The search covered the entire apartment, including one room which was locked with a padlock. The officers asked Ms. West if she had a key to the room. Initially she denied having a key, but she then produced a key which the officers used to open the door. The room contained many items which were later found to be stolen.

The officers spent several hours taking inventory of the items found in the apartment and writing down serial numbers. The officers found cameras, cellular phones, car phones, dozens of radar detectors, a computer, an electronic keyboard, sunglasses, clothing, and many other items, most all of which turned out to be stolen. The officers also found a stun gun and a kit to convert an M-16 rifle into a full automatic.

When the police left Mr. Clark's apartment after the search they warned Ms. West not to remove the items which they suspected were stolen. However, when the police returned with a search warrant eight days later, the apartment was empty. The police were able to contact Ms. West and she explained that she had left the apartment and had put the suspected stolen property in a storage locker. She agreed to take the police to the storage locker and had even made them a key. When they arrived at the storage location, Ms. West signed a "Consent to Search" form. The police then seized the stolen property in the storage locker. At least some of these items seized from the locker were subsequently used as evidence against Ms. West.

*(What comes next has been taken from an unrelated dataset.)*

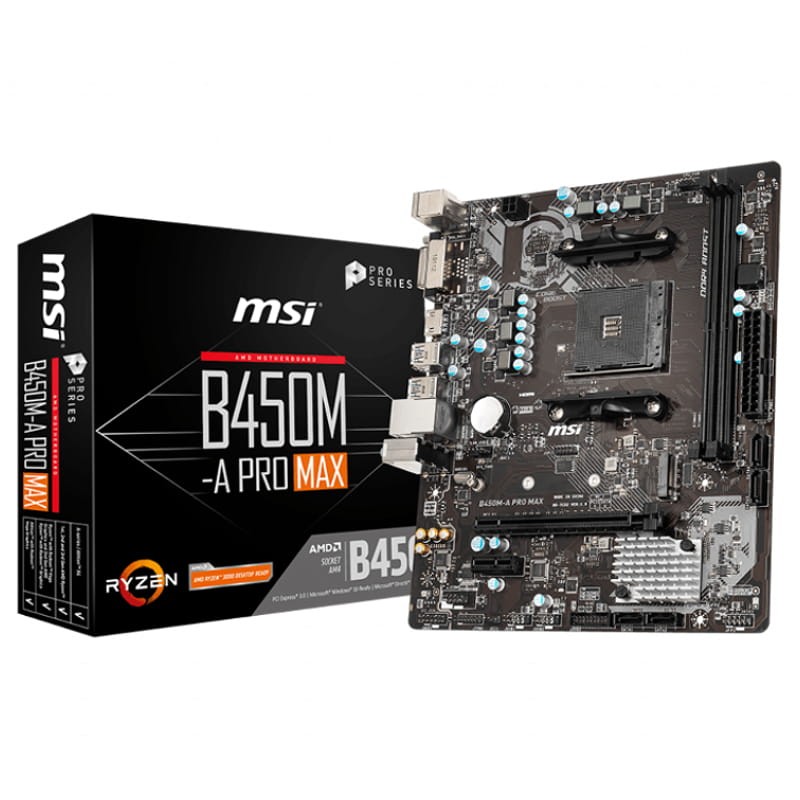 Carte mère AM4 MSI B450M A-PRO MAX - Ítem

Ms. West acknowledges that the State has the basic authority to conduct warrantless and nonconsensual searches against parolees such as Mr. Clark, pursuant to sec. DOC 328.21. Although she reserves to herself the right to challenge the conduct of this specific search, it is undisputed that the general practice of probation (and parole) searches was clearly upheld by the United States Supreme Court in Griffin, 483 U.S. 868, 107 S.Ct. 3164. It is Ms. West's basic contention, however, that what is allowed as to parolees is not allowed against nonparolees, and that a nonparolee should not be made to suffer the...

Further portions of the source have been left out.